Monday, January 5, 2026

Review: Tokyo Joshi Pro Wrestling '26 (Part 1)

Since this is my first review on the blog, there are some things I should establish::

Firstly, I am an emotional viewer of media. If something makes me feel an emotion, that means more than anything technical or "objective" quality could. I am neither blind nor stupid, and I notice quality, but making me feel something is worth more.

Second, I will give each match a score after I give my thoughts. If you are paying attention, you may notice a trend. If you do, good job. The point of that trend is that I want you to read the text of the review. Scores are meaningless; I just include them as a joke.

Thirdly, no GenAI has been used for tbis post or any other on this blog. I was an English major in school, and even if my writing skills have sunken considerably since those days I still would rather have my mistakes be my own rather than pass off something created from a prompt and something barely a step above procedural generation. If my blog sucks, at least it's authentically sucky!

Those three things established, let's dive in with an overview and the first three matches.

Tokyo Joshi Pro Wrestling '26
1/4/2026, Korakuen Hall

It's entirely possible the year started TOO strongly for Tokyo Joshi Pro Wrestling. Their first show of the year should set the tone, but in many ways it set the bar so high they may struggle to be this good again for the next 12 months. It isn't all perfect, and there are questions I still don't know the answers to, but I am looking forward to finding them out.

Shion Kanzaki Debut Match
Chika Nanase and Uta Takami vs Ren Konatsu and Shion Kanzaki

The two finalists of 2025's NextGen tournament team up to welcome a new wrestler in Shion who has been teamed with last year's most promising debut in Ren. Shion is already very good for someone who had her first match in all the ways that matter. She has a great look, her selling and fighting spirit are right where they should be, and her future looks bright.

What struck me the most about this match, though, is just how special Ren Konatsu is. She showed up to her debut ready to take chances and try some high risk stuff right out of the gate, which is something Shion did not do in the match. I'm not saying anyone has to, and you definitely shouldn't risk injury before you're ready, but Ren being ready to try from day 1 is a big statement on where her ceiling is.

Uta won a pretty standard tag match by submitting Shion with the Koala Clutch. This was a very fun opener, and I'm looking forward to seeing where all four of these wrestlers are in a year. Welcome to TJPW, Shion Kanzaki!

Score: 8/10

HotShot (Yuna Manase and Toga) vs HIMAWARI and Kira Summer

HotShot is a team I like a whole lot.

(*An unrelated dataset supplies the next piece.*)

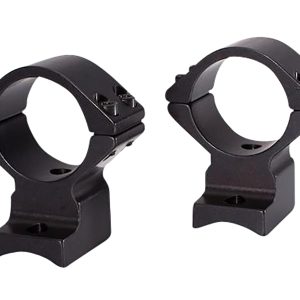 Talley 740711 Scope Mount/Ring Combo  Black Anodized Aluminum 30mm Tube Browning BLR/BAR/BPR Medium Rings 0 MOA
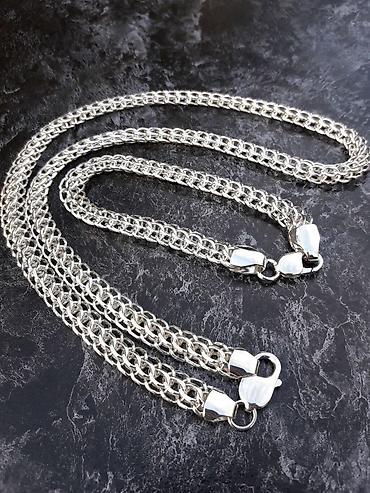 Цепочки: Ювелирные услуги Изготовление Цепей и Браслетов ⛓️💎 Серебро 925-960 — 20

Yuna mentoring the young powerhouse in Toga and bringing out her more aggressive side is worth the investment, and her shouting encouragement from outside while Toga tries to get to the ropes is always very compelling wrestling. It's like a combination of a tag team and a take on a manager, which is a dying concept in wrestling that we could stand to bring back I feel.

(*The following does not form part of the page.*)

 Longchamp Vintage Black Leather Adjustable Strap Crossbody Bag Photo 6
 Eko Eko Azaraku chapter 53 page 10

HIMAWARI and Kira share a birthday (December 18th) and they both have a lot of potential as wrestlers that they seem to be working hard to unlock. They play off each other very well, I feel, and could possibly be a tag team if we weren't instead doing Bumping gRitters.

All of this is to say that this match was a lot of fun. The four wrestlers all worked well together, and Toga eventually won with her version of the Rock Bottom. I like everyone in the match, and it was a fun bit of action. Nothing to complain about here.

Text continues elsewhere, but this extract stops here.